May 31, 2025 By Articles

Navigating the start and end of an employment relationship can be legally complex, especially when employers rely on an outdated or poorly drafted employment contract termination clause. A recent Ontario court decision called Wilds v. 1959612 Ontario Inc., 2024 ONSC 3452 provides a clear warning to employers about the legal consequences of non-compliant termination provisions and post-termination conduct. For employees, it reinforces the importance of consulting with a Toronto employment lawyer, especially when facing a sudden job loss or questionable contract terms.

This case offers valuable insights into how courts approach the analysis of an employment contract termination clause and what mistakes can result in serious financial and reputational costs for employers. Let’s explore the facts of the case, the court’s decision, and what it all means for both employers and employees in Ontario.

The Background: What Happened in Wilds v. 1959612 Ontario Inc.?

The employee this case was hired as an executive assistant for a building supplies company. Her employment lasted just 4.5 months before the employer terminated her without cause in October 2020.

The employer relied on an employment contract termination clause the employee had previously signed, which contained deeply flawed language:

  1. Termination Without Cause Clause: This provision limited the employee’s termination entitlements to the minimum under Ontario’s Employment Standards Act, 2000 (ESA), plus an extra two weeks’ notice or pay. However, she could only receive these minimum statutory amounts if she signed a legal release in the employer’s favour.

  2. Termination With Cause Clause: This provision outlined nearly a dozen enumerated situations where she could be terminated for cause without notice. These included reasons that did not meet the strict legal standard set out by the ESA.

  3. Savings Clause: This provision included a so-called “savings clause” that stated if the ESA gave the employee greater entitlements than the contract, the ESA would apply.

When the company terminated her employment without cause, they offered the contractual termination package – but only if she signed the release.

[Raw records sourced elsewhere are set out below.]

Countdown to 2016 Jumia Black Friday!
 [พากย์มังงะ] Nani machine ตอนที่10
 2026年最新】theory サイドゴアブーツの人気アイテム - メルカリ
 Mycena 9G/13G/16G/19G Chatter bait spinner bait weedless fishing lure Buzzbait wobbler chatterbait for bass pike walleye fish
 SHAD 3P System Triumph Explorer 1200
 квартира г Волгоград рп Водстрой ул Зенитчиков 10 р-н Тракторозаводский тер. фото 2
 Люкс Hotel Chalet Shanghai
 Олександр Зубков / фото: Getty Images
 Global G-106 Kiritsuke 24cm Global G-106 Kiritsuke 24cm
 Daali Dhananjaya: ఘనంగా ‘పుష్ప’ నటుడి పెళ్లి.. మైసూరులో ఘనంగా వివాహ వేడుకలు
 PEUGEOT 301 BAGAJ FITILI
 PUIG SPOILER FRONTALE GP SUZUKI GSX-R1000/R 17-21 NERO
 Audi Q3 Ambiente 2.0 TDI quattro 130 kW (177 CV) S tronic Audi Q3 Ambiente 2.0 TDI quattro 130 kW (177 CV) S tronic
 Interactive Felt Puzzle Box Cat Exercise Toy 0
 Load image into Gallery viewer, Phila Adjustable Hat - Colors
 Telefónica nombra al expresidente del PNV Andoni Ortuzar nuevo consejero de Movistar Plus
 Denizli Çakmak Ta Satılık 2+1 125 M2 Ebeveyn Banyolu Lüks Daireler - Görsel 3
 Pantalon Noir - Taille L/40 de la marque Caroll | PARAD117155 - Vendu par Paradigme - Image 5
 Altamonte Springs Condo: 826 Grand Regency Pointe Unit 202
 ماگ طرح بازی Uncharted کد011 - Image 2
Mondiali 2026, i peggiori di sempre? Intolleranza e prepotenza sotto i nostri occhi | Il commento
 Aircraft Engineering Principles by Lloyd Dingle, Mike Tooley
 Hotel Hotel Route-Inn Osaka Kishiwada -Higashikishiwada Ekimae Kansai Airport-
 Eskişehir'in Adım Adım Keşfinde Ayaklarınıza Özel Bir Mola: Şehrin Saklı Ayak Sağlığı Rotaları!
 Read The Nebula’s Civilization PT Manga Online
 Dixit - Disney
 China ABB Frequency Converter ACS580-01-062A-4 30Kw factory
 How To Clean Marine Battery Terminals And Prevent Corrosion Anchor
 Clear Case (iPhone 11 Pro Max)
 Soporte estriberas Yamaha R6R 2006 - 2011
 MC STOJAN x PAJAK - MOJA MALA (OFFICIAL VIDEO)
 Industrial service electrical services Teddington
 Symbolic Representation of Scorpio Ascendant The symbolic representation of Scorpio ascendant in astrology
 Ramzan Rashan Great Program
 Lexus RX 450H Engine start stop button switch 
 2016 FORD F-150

She refused, and the employer then withheld all payments, including her statutory minimum notice –just one week’s pay.

Adding insult to injury, the employer:

  • Refused to reimburse her for valid business expenses.

  • Delayed issuing her Record of Employment (ROE) by over a month.

  • Refused to provide a reference letter or even confirm her employment history.

What Did the Court Decide?

The case was decided on summary judgment, meaning the court made a decision based solely on the written evidence without requiring a full trial.The court made several important findings – each of which carries significant legal weight for employment lawyers and HR professionals alike, especially when it comes to employment contract termination clauses.

1. Termination Clauses Were Void and Unenforceable

The court ruled that both the “with cause” and “without cause” termination provisions violated the ESA. Here’s why:

  • The termination without cause clause was illegal because it required the employee to sign a legal release before receiving her statutory minimum termination pay and severance pay entitlements – a direct violation of the ESA.

  • The termination with cause clause tried to allow terminations without notice for conduct that did not meet the ESA‘s high threshold of “wilful misconduct, disobedience, or neglect of duty.”

This is often the case with poorly drafted employment contract termination clauses. A skilled employment contract review lawyer would have identified these flaws before the contract was signed.

2. The “Savings Clause” Didn’t Save the Day

Employers often insert savings clauses hoping to fix illegal termination clause by saying, “If this conflicts with the ESA, then the ESA applies.” But the court rejected this argument. Justice Vermette found that the clause did not demonstrate clear intent to comply with the ESA and instead created ambiguity – which, by Ontario employment law, must be interpreted in favour of the employee.

This is a key takeaway for employers: you cannot rely on vague catch-all language to fix unlawful employment contract termination clauses. Working with an experienced employment contract review lawyer can help ensure your agreements comply with provincial standards from the outset.

3. Employer’s Conduct Warranted Punitive Damages

Perhaps the most striking part of the judgment was the court’s decision to award $10,000 in punitive damages. The reason? The employer’s post-termination conduct fell “markedly below the ordinary standards of decent behavior.”

Specifically, the court criticized the employer for:

  • Withholding statutory entitlements owed under the ESA.

  • Failing to reimburse legitimate business expenses.

  • Repeatedly refusing to fix these issues – even after being contacted by the employee’s wrongful dismissal lawyer.

The court emphasized that the purpose of the punitive damages was not just to punish the employer but to send a message to other employers: this kind of behaviour will not be tolerated.

What This Means for Employers

If you are an Ontario employer, this case should serve as an important reminder. Employment contracts are not just paperwork – they are legal documents that must strictly comply with employment standards legislation. Here are the key lessons:

  • Avoid Conditional Payments: Never make ESA minimum entitlements conditional on the employee signing a release.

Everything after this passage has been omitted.